(Beginning of Records)
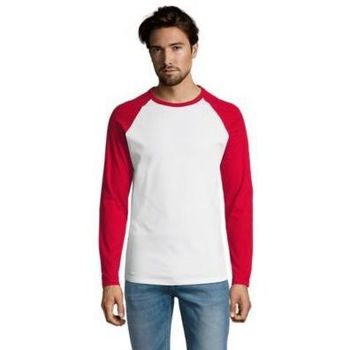 Textil Homem T-shirt mangas compridas Sols FUNKY LSL Blanco Rojo Rojo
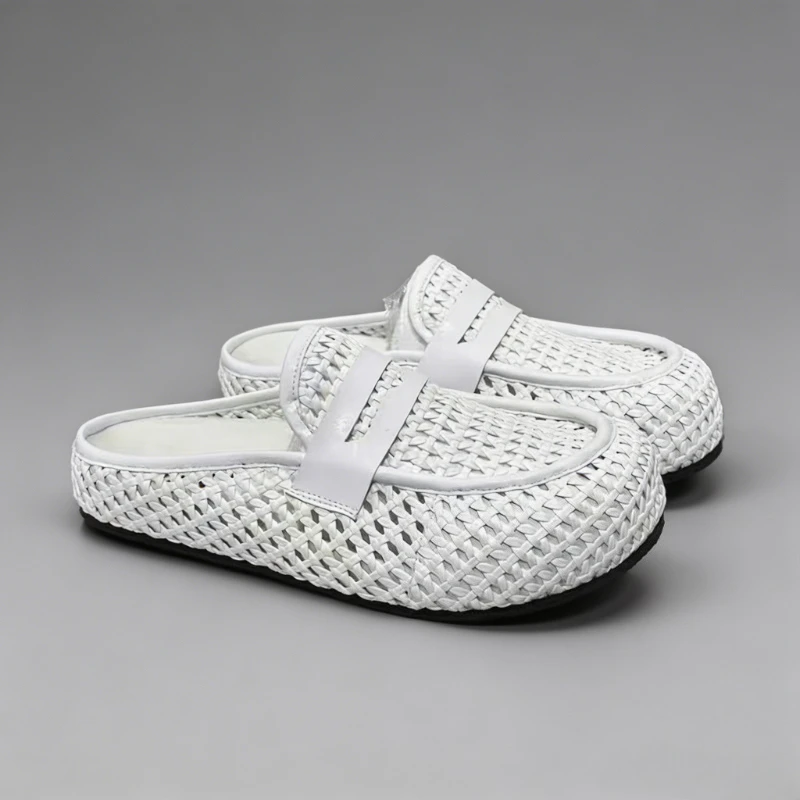 Luxury Texture Men   Mules 2026 Summer New Thick Wedge Platform Backless Loafers Breathable Casual Slip On Half Slide Slippers view 4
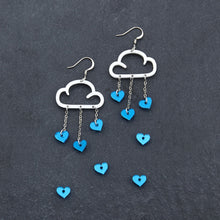 Load image into Gallery viewer, Blue Cloud and Love Heart Dangle Earrings with Hook handmade by Maine and Mara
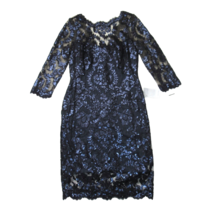 NWT TADASHI SHOJI Paillette Embroidered Tulle Sheath in Navy Sequin Dress 8 - £93.41 GBP
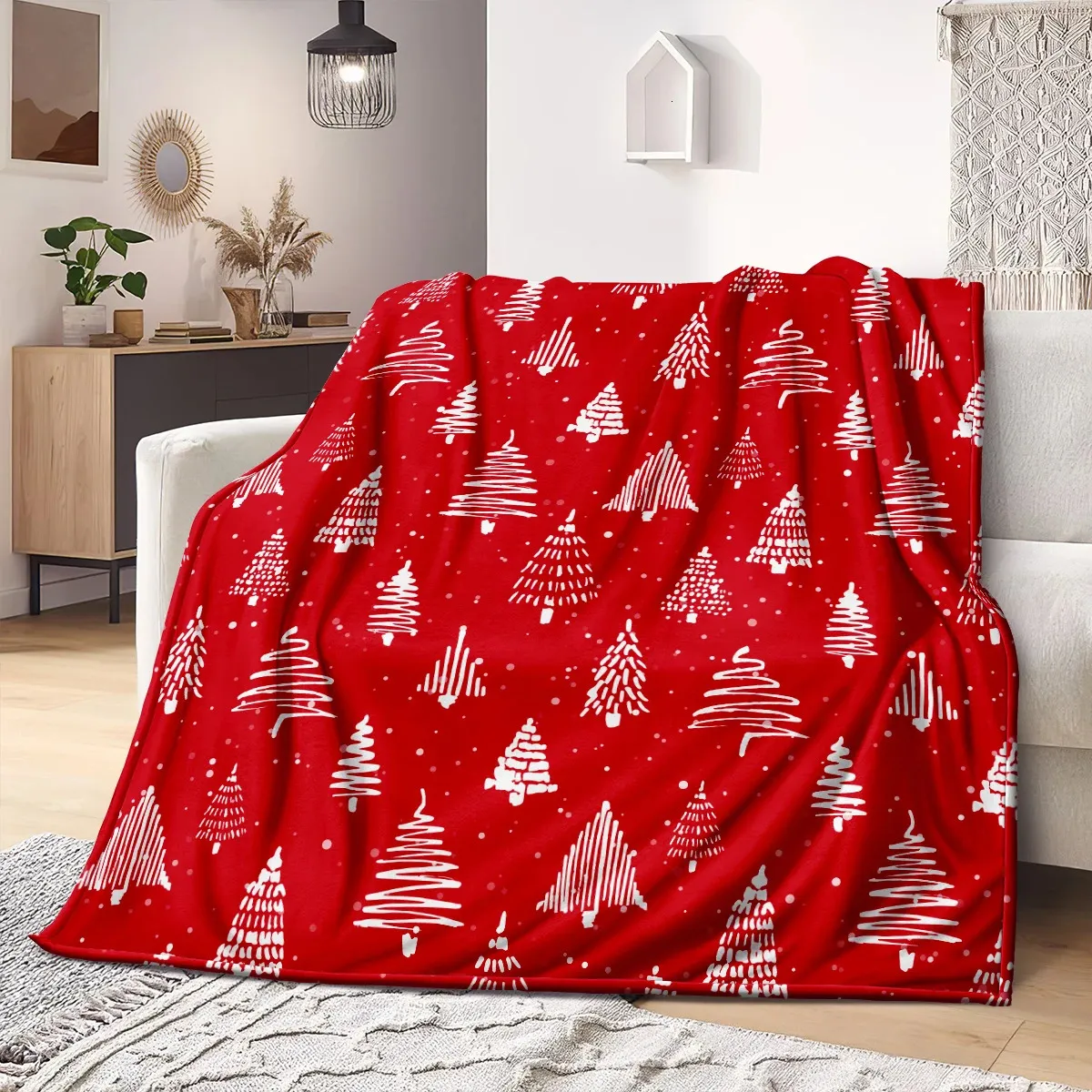 Decken Weihnachtsbaumdecke Mikrofaser Superweicher Überwurf für Bett Tagesdecke Sofa Dekorativ Camping Picknick Winter Warm 231207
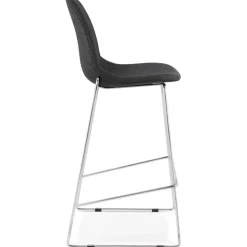 ALTEREGO Tabouret de bar empilable 'FAKIR' en tissu gris foncé et pied en métal chromé New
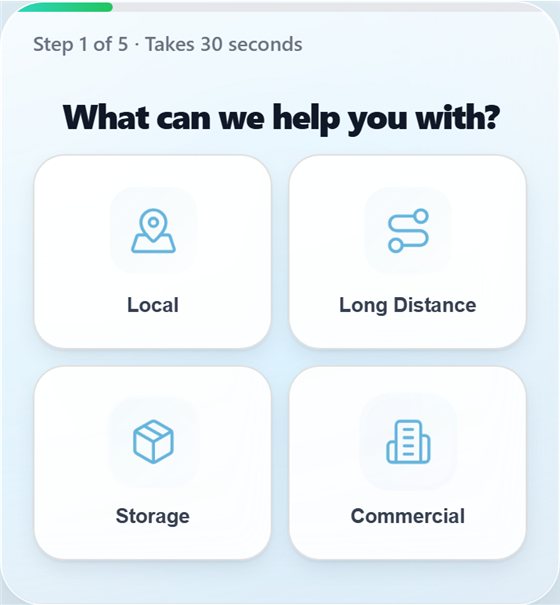 dibs quote form, first step with four service buttons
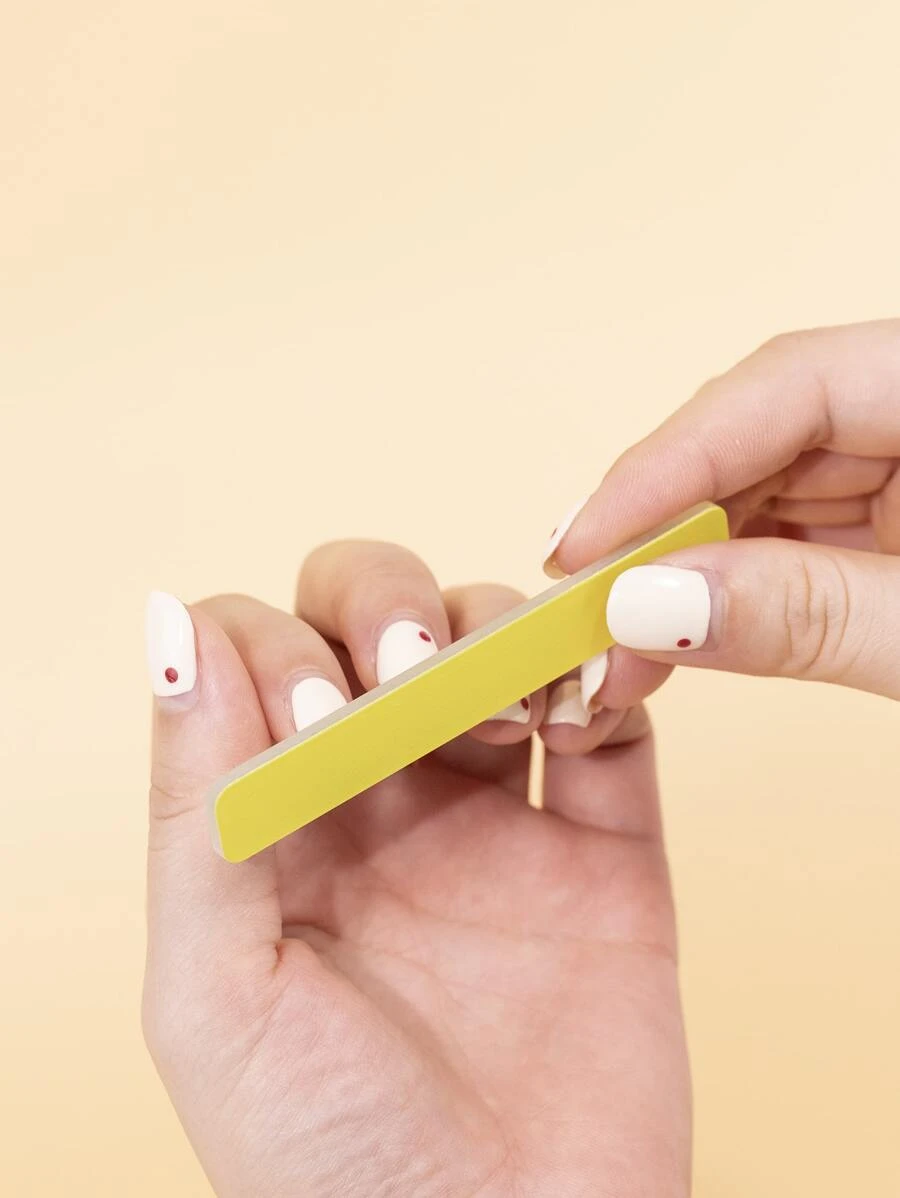 Nano Glass Nail Shiner, 1pc Minimalist, Nail File For Natural Fingernails Toenail - Yellow - View 1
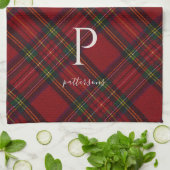 Rustic Plaid Monogram Boerderij Decoratie Theedoek (Gevouwen)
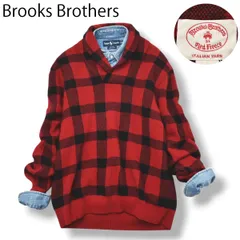 ブルックスブラザーズ ショールカラー ニット セーター バッファロー チェック柄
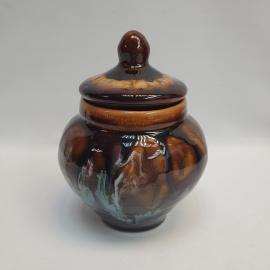 Винтажный горшок для запекания 500 мл, Орловская обливная керамика, СССР.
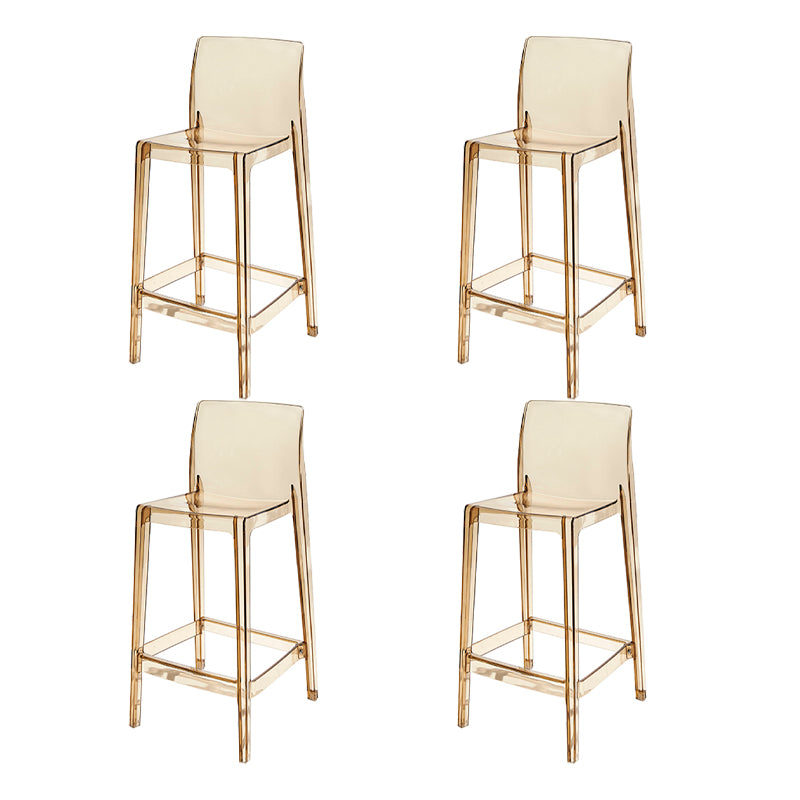 Contemporary Acrylic Low Back Armless Bar Stool with Footrest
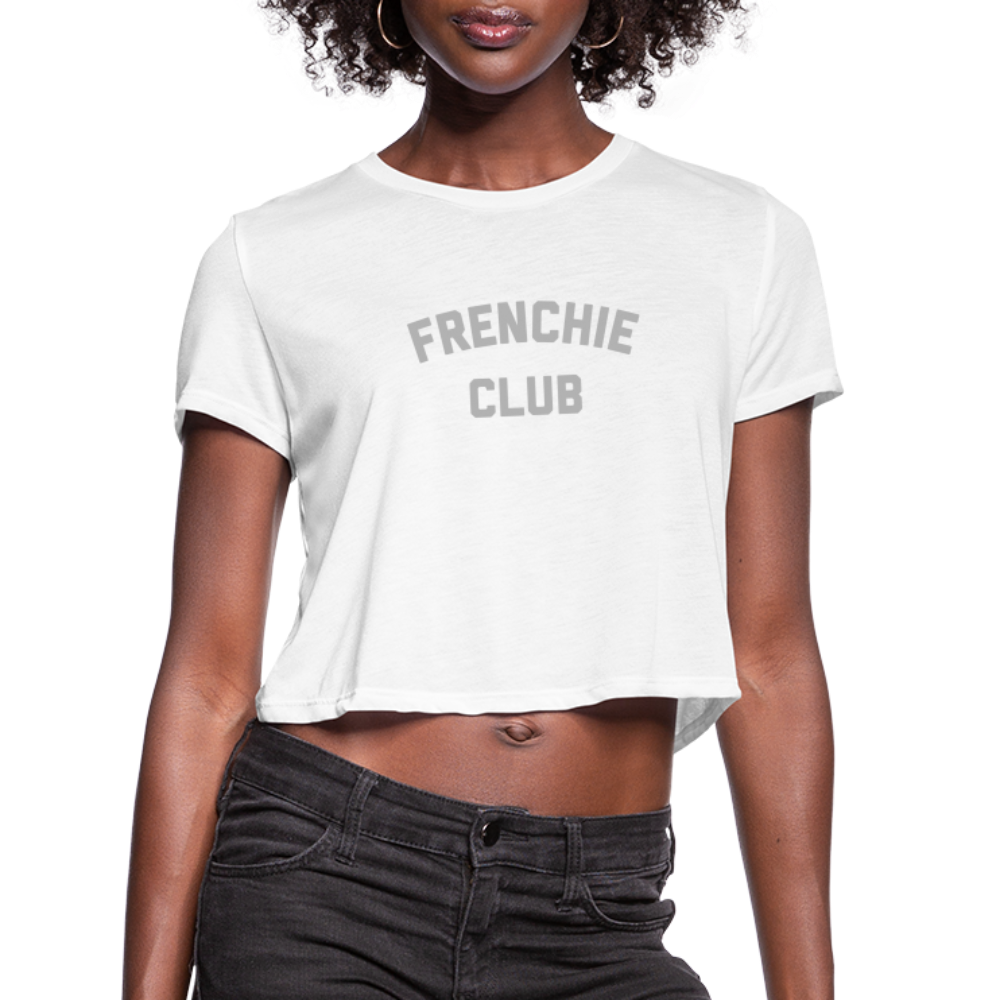 Frenchie Club Women's Cropped T-Shirt - white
(End of Records)
#### Activity:
Omit the pictures. Transcribe every record exactly.

#### Your response:
 Textil Homem T-shirt mangas compridas Sols FUNKY LSL Blanco Rojo Rojo
 Luxury Texture Men   Mules 2026 Summer New Thick Wedge Platform Backless Loafers Breathable Casual Slip On Half Slide Slippers view 4
 Load image into Gallery viewer, Blue Cloud and Love Heart Dangle Earrings with Hook handmade by Maine and Mara
 NWT TADASHI SHOJI Paillette Embroidered Tulle Sheath in Navy Sequin Dress 8 - £93.41 GBP
 Decken Weihnachtsbaumdecke Mikrofaser Superweicher Überwurf für Bett Tagesdecke Sofa Dekorativ Camping Picknick Winter Warm 231207
 ALTEREGO Tabouret de bar empilable 'FAKIR' en tissu gris foncé et pied en métal chromé New
 dibs quote form, first step with four service buttons
 Nano Glass Nail Shiner, 1pc Minimalist, Nail File For Natural Fingernails Toenail - Yellow - View 1
 Rustic Plaid Monogram Boerderij Decoratie Theedoek (Gevouwen)
 ブルックスブラザーズ ショールカラー ニット セーター バッファロー チェック柄
 Винтажный горшок для запекания 500 мл, Орловская обливная керамика, СССР.
 Contemporary Acrylic Low Back Armless Bar Stool with Footrest
 Frenchie Club Women's Cropped T-Shirt - white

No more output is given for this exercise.